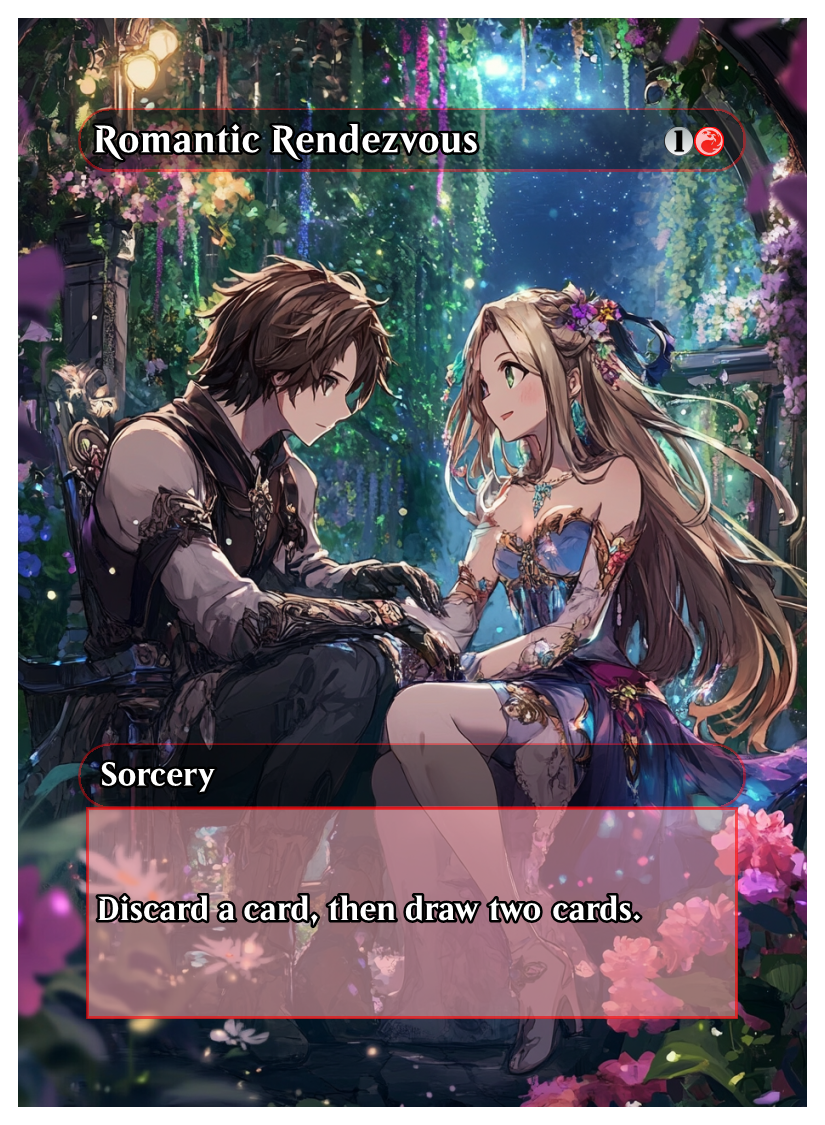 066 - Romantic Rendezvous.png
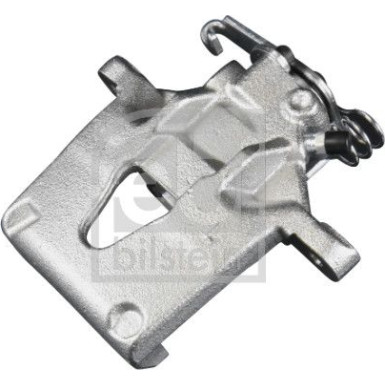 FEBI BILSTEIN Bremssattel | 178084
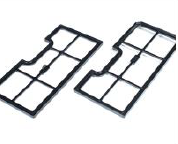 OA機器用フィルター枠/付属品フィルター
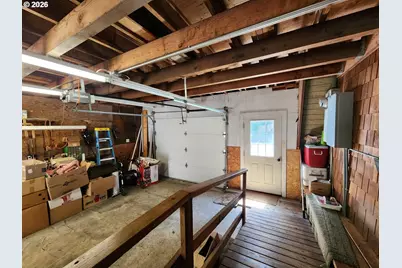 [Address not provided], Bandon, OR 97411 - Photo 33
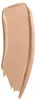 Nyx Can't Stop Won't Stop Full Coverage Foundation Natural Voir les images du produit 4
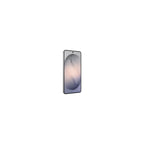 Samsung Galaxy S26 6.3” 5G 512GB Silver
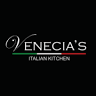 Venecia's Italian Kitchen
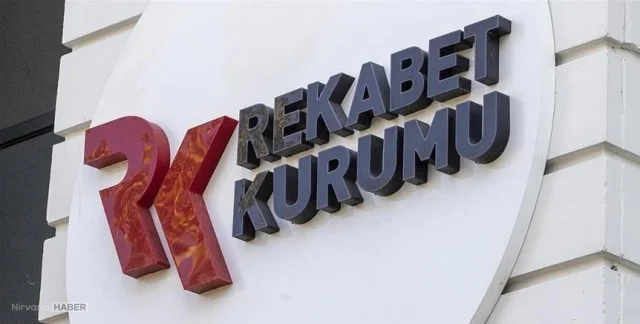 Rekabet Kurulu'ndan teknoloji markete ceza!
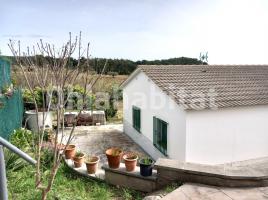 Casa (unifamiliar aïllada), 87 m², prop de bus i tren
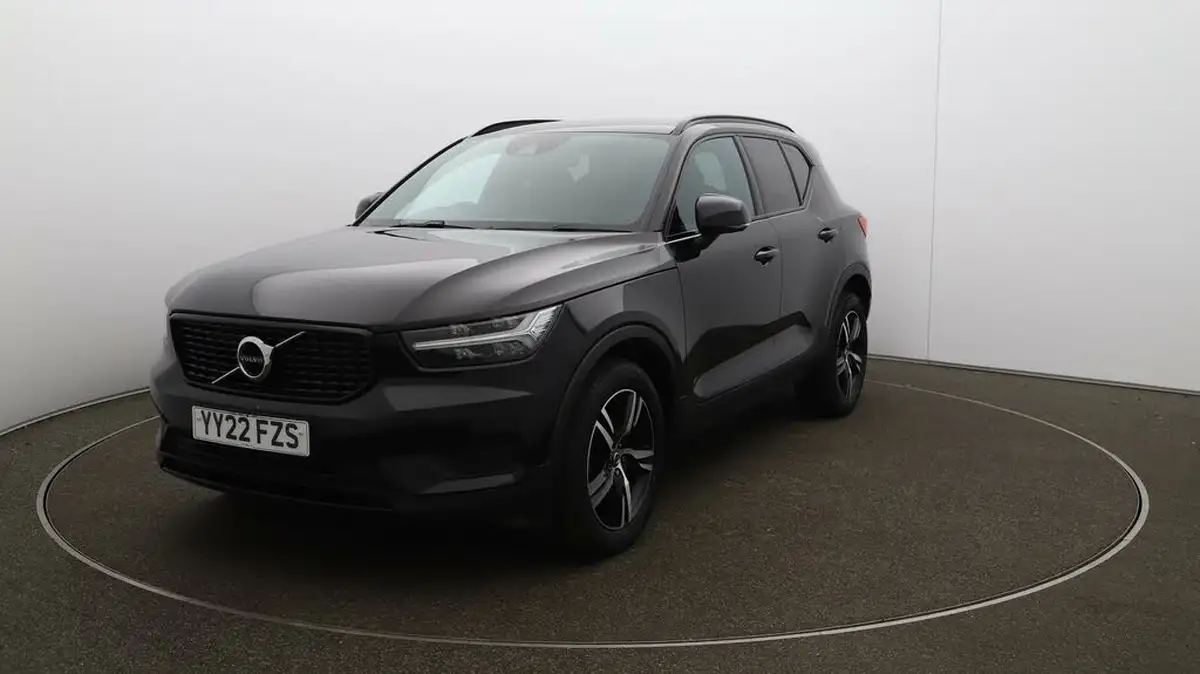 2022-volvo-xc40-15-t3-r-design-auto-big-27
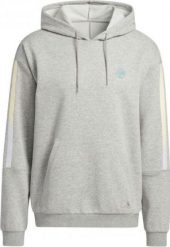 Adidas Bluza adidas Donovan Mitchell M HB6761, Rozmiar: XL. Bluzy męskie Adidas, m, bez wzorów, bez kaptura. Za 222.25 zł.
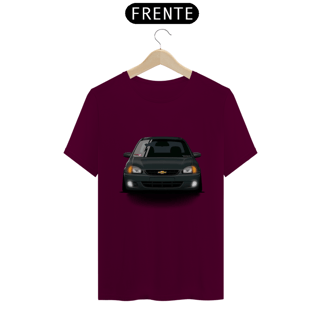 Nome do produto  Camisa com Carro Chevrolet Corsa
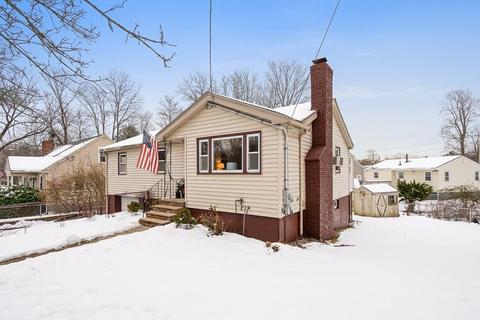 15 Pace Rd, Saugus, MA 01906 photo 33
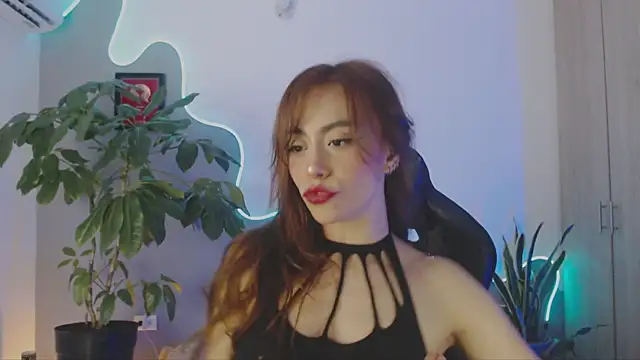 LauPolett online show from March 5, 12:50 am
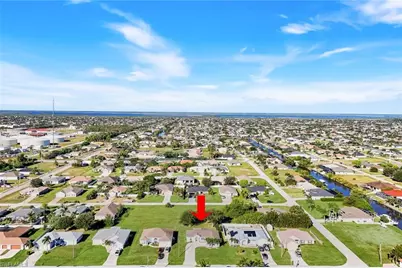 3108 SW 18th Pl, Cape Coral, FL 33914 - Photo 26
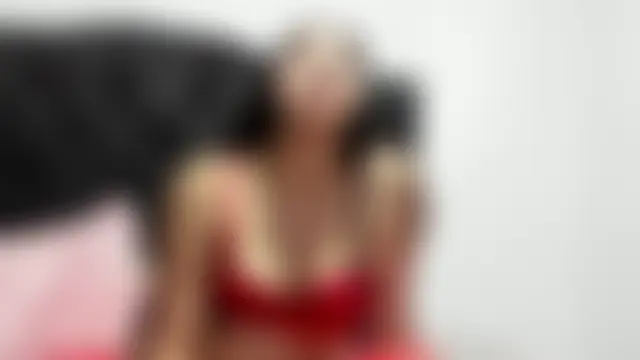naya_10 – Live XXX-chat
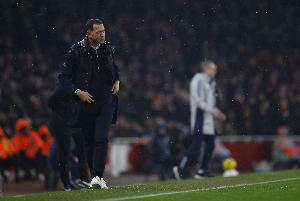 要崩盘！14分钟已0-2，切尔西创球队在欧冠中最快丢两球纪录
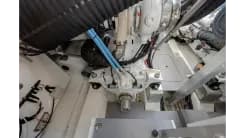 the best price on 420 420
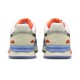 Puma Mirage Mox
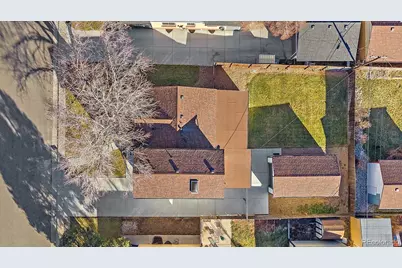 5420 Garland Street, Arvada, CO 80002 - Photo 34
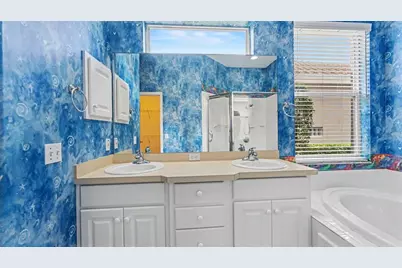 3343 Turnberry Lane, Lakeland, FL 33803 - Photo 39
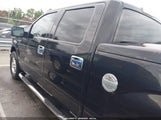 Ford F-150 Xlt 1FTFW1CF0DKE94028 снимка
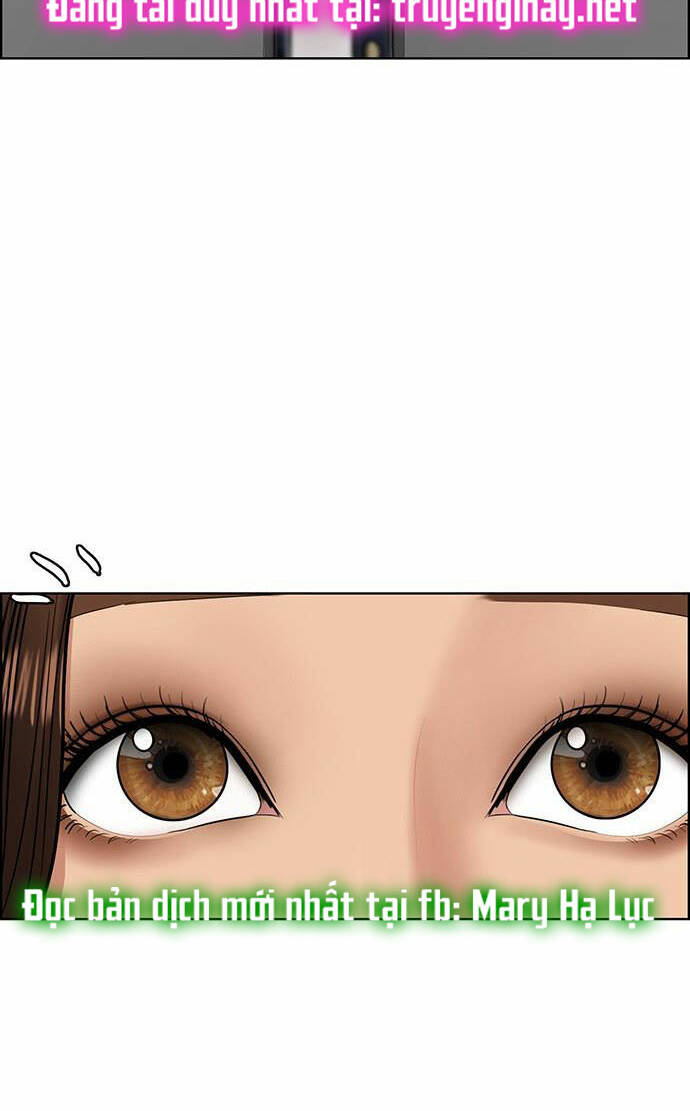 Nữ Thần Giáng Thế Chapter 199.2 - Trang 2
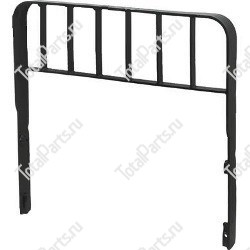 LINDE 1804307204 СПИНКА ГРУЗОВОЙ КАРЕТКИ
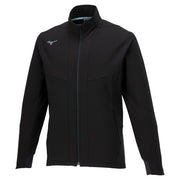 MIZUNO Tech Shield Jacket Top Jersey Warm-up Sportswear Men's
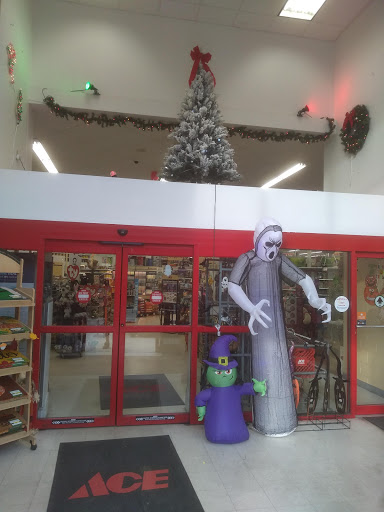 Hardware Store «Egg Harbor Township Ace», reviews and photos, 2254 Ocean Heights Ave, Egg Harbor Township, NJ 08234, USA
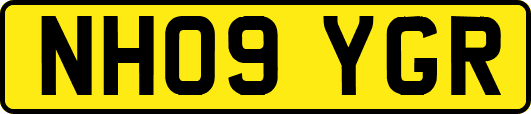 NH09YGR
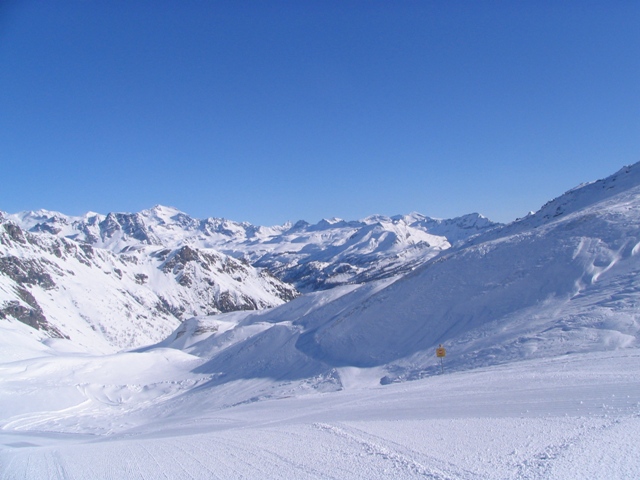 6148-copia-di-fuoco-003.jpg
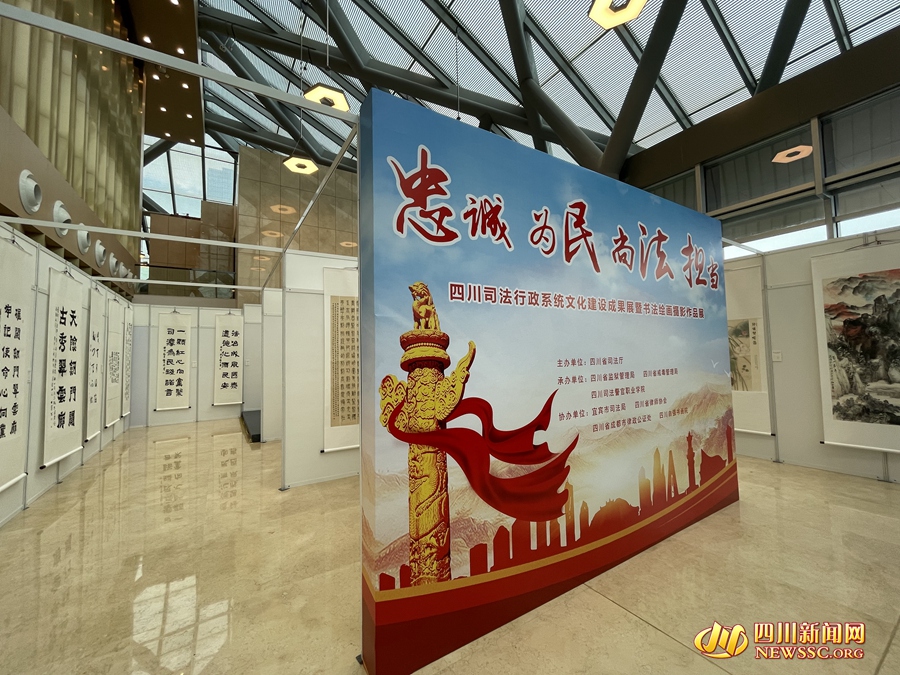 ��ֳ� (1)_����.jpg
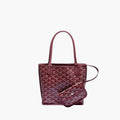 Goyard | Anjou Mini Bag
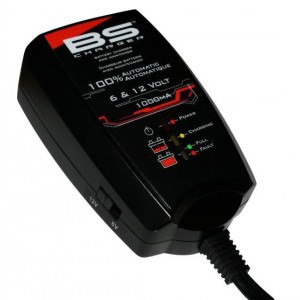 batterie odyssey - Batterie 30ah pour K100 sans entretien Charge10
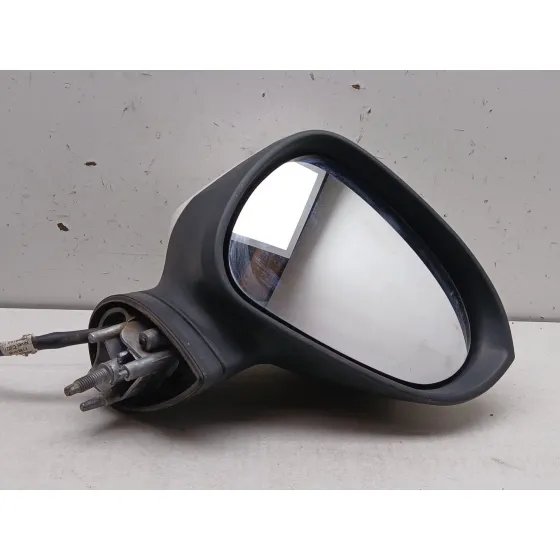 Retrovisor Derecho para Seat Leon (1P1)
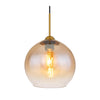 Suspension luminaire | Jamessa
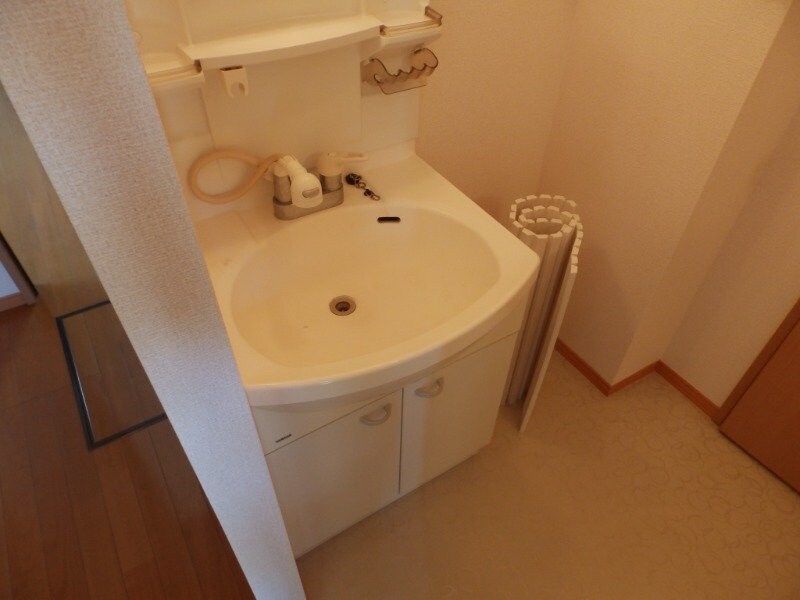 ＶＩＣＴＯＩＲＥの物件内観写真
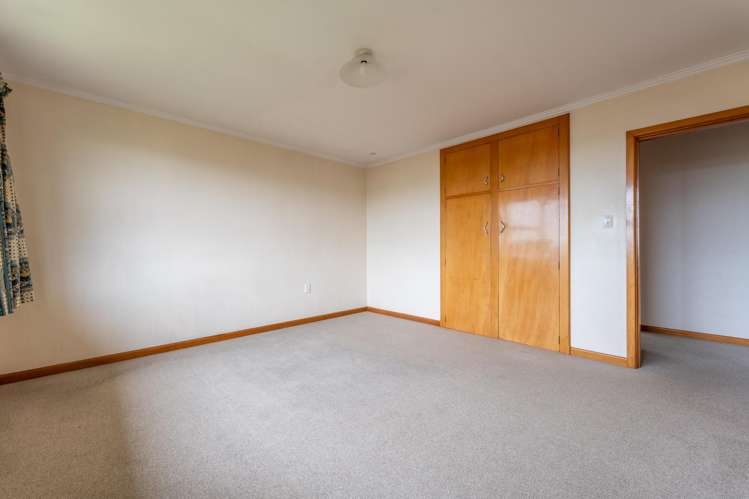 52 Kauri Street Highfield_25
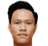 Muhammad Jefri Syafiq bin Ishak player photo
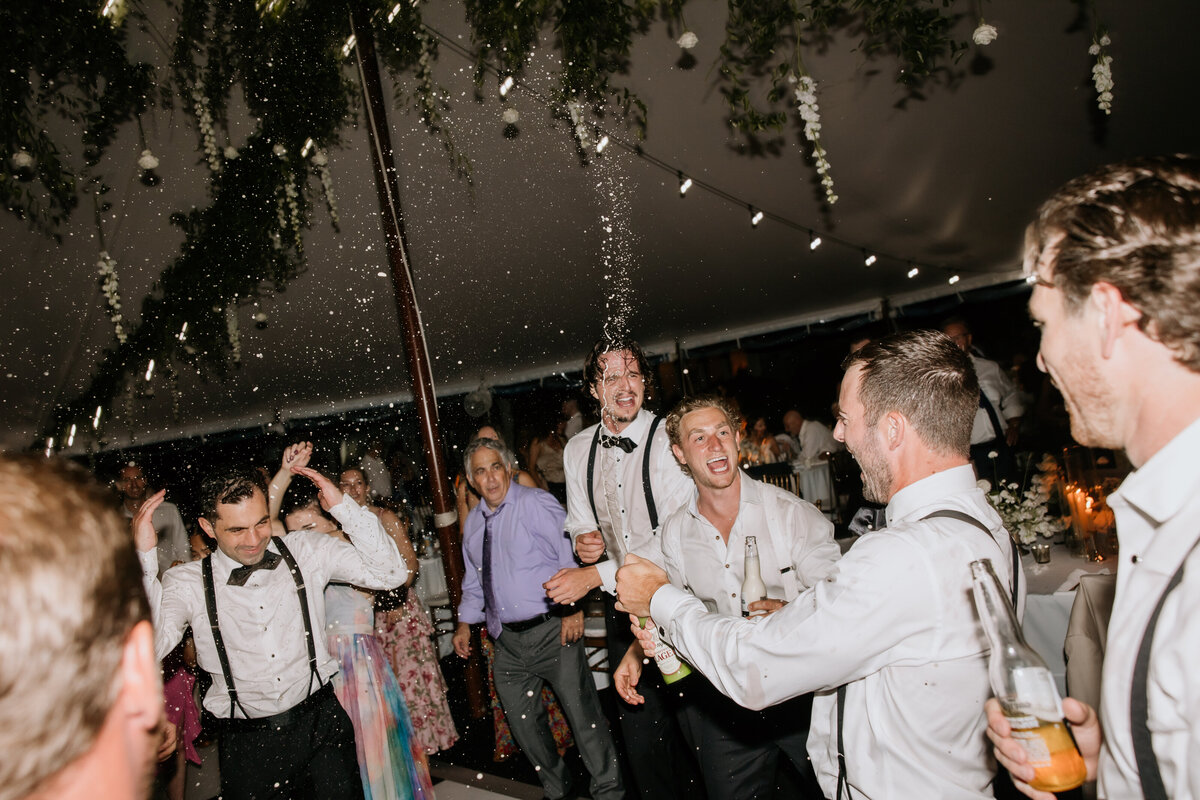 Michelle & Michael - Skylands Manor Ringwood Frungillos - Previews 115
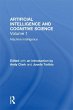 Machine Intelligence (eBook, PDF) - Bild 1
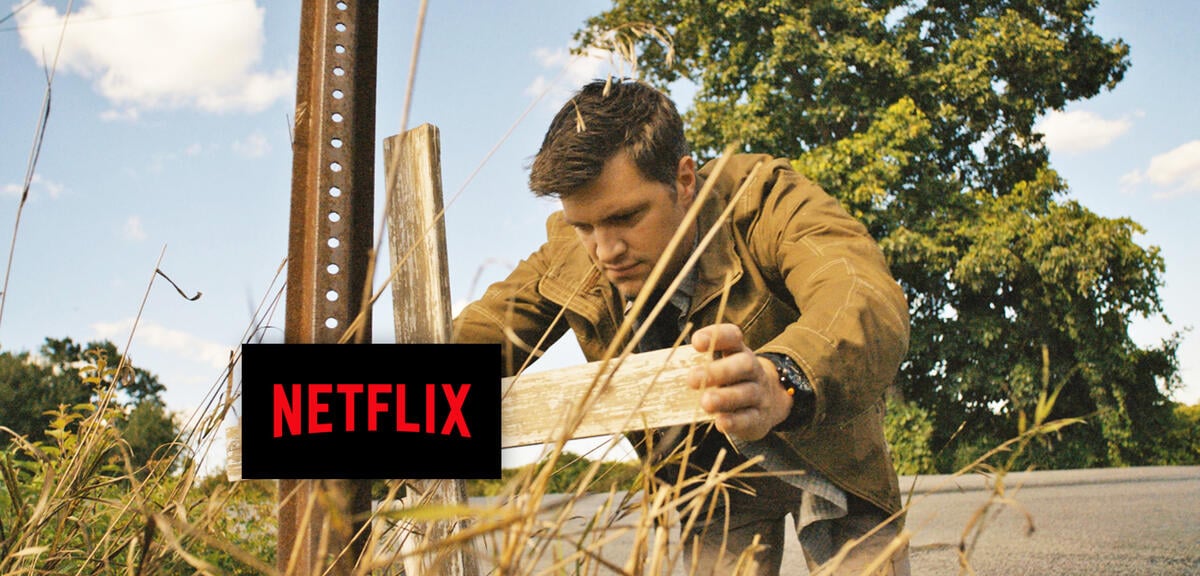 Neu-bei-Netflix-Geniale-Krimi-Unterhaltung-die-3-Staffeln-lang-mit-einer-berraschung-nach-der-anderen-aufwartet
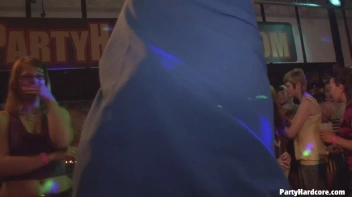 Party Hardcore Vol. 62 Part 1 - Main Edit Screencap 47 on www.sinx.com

What is expected ▸ Beginning with the line that holds "Muhammad Jefri Syafiq bin Ishak player photo", write out exactly the lines down to the end of the material above, and no others. Pictures are not part of the copy.

Exercise result ▸
 Muhammad Jefri Syafiq bin Ishak player photo
 Michelle & Michael - Skylands Manor Ringwood Frungillos - Previews 115
 Machine Intelligence (eBook, PDF) - Bild 1
 Neu-bei-Netflix-Geniale-Krimi-Unterhaltung-die-3-Staffeln-lang-mit-einer-berraschung-nach-der-anderen-aufwartet
 Party Hardcore Vol. 62 Part 1 - Main Edit Screencap 47 on www.sinx.com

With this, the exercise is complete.